For the nine month period ended September 30, 2020, this ratio decreased to 66.9% from 82.2% in the comparable period in 2019. The decrease in the loss ratio for the three month and nine month periods ended September 30, 2020 was primarily due to a
significantly lower number of claims incurred in the Medicare supplement line of business due to the Company’s individual policy holders being subject to varying degrees of shelter in place orders instituted throughout the United States during 2020
as a result of COVID-19. Also contributing to the decrease in the loss ratio was an improvement in rate adequacy in the Medicare supplement line of business as a result of implementation of rate increases on existing business.

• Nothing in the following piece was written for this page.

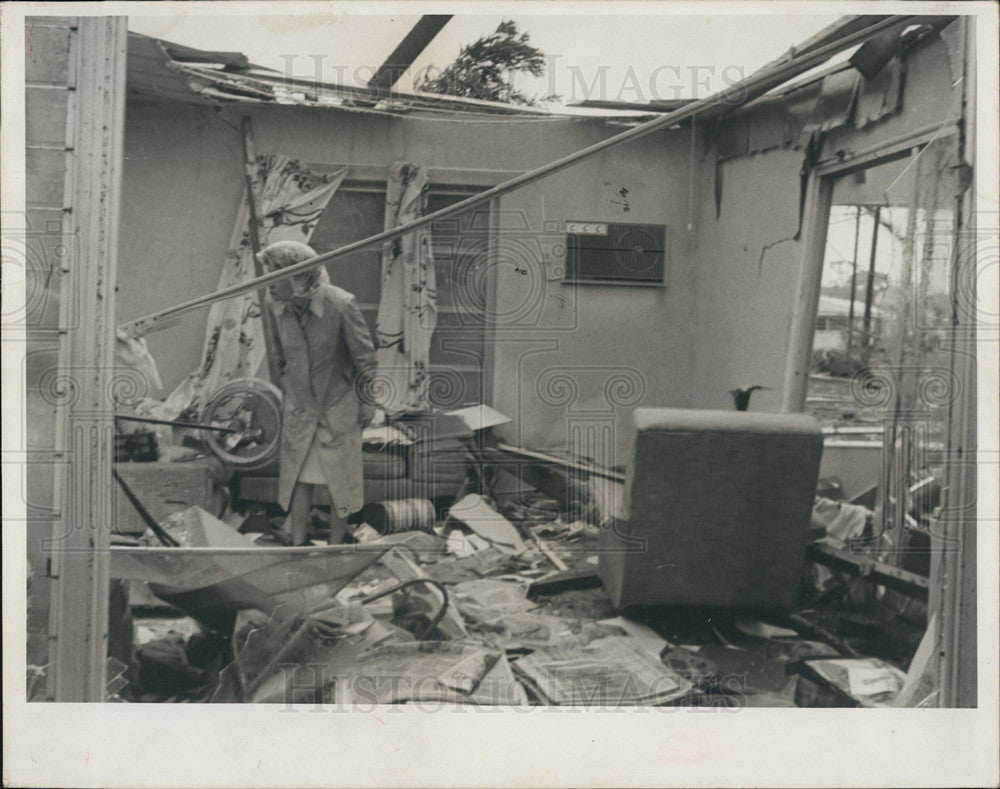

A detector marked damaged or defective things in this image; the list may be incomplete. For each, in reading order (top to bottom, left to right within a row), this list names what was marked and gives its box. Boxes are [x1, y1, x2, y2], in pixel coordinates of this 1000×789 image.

broken furniture [600, 406, 820, 608]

Commissions and underwriting expenses decreased $0.3 million, or 4.1%, during the three month period ended September 30, 2020, and $0.5 million, or 2.0%, during the nine month period ended September
30, 2020, over the comparable periods in 2019. As a percentage of earned premiums, underwriting expenses were 26.6% in the three month period ended September 30, 2020, compared to 27.4% in the three month period ended September 30, 2019. For the
nine month period ended September 30, 2020, this ratio decreased to 27.8% from 28.1% in the comparable period in 2019. The decrease in the expense ratio for the three month and nine month periods ended September 30, 2020 was primarily due to a
decrease in agent incentive costs and realization of costs saving initiatives, predominantly related to postage costs.
Net Investment Income and Realized Gains (Losses)

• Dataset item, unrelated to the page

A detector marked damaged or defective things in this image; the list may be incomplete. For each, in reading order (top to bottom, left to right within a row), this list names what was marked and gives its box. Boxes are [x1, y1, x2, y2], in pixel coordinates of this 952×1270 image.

Investment income decreased $0.4 million, or 16.4%, during the three month period ended September 30, 2020, and $1.1 million, or 16.3%, during the nine month period ended September 30, 2020, over the
comparable periods in 2019. The decrease in investment income was primarily attributable to net losses in the Company’s other invested assets.

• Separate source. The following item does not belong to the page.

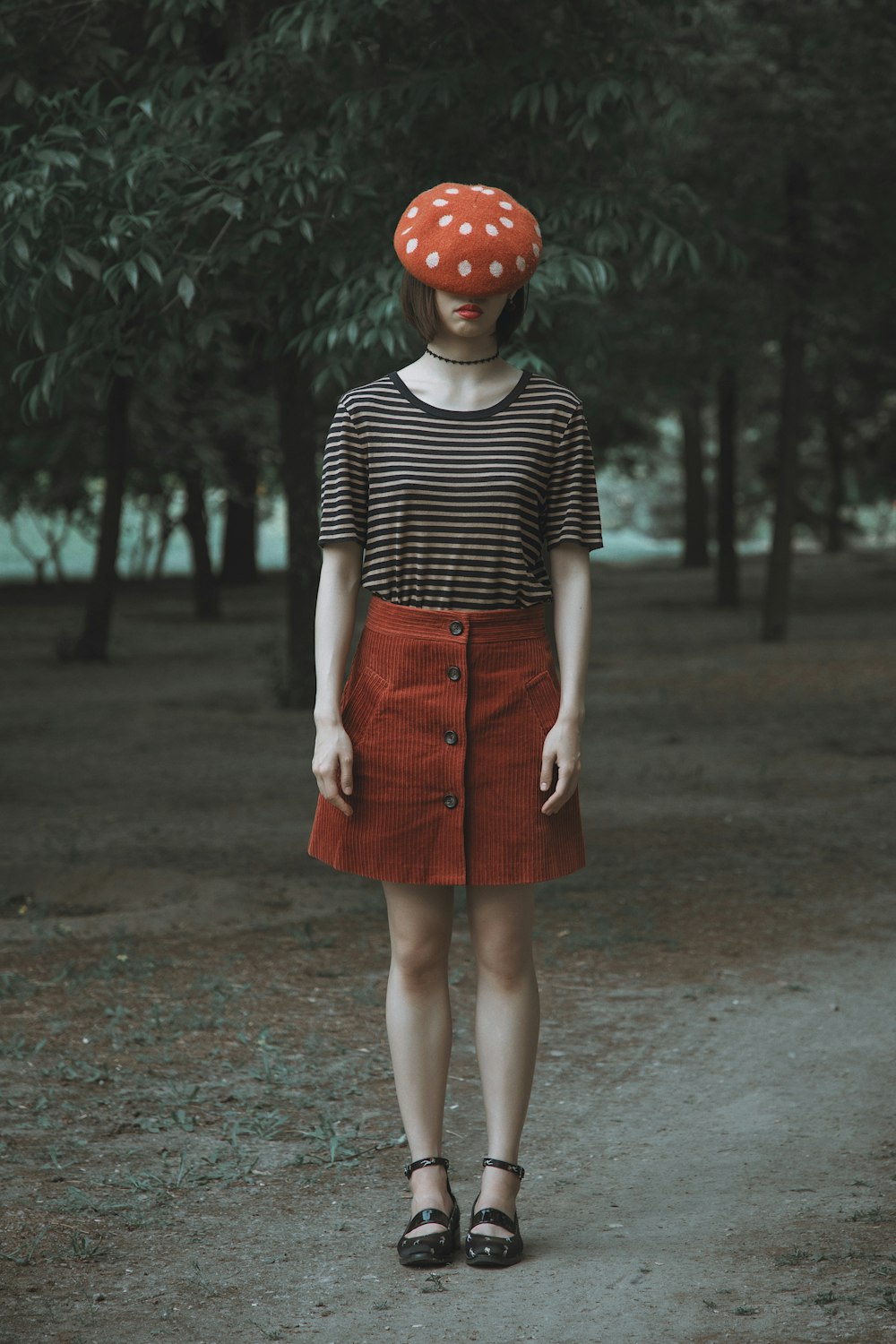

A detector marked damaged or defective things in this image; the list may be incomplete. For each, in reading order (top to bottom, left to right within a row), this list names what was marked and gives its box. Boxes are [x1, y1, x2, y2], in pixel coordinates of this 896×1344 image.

The Company had net realized investment gains of $0.2 million during the three month period ended September 30, 2020, compared to net realized investment losses of $0.4 million during the three month
period ended September 30, 2019. The Company had net realized investment gains of $0.4 million during the nine month period ended September 30, 2020, compared to net realized investment gains of $1.6 million during the nine month period ended
September 30, 2019. The net realized investment gains during the three month and nine month periods ended September 30, 2020 resulted primarily from the disposition of several of the Company’s investments in fixed maturity securities. Management
continually evaluates the Company’s investment portfolio and makes adjustments for impairments and/or divests investments as may be determined to be appropriate.
Unrealized Gains (Losses) on Equity Securities
Investments in equity securities are measured at fair value at the end of the reporting period, with any changes in fair value reported in net income during the period, with certain exceptions. The
Company recognized net unrealized losses on equity securities of $0.7 million during the three month period ended September 30, 2020 and unrealized gains on equity securities of $0.9 million during the three month period ended September 30, 2019.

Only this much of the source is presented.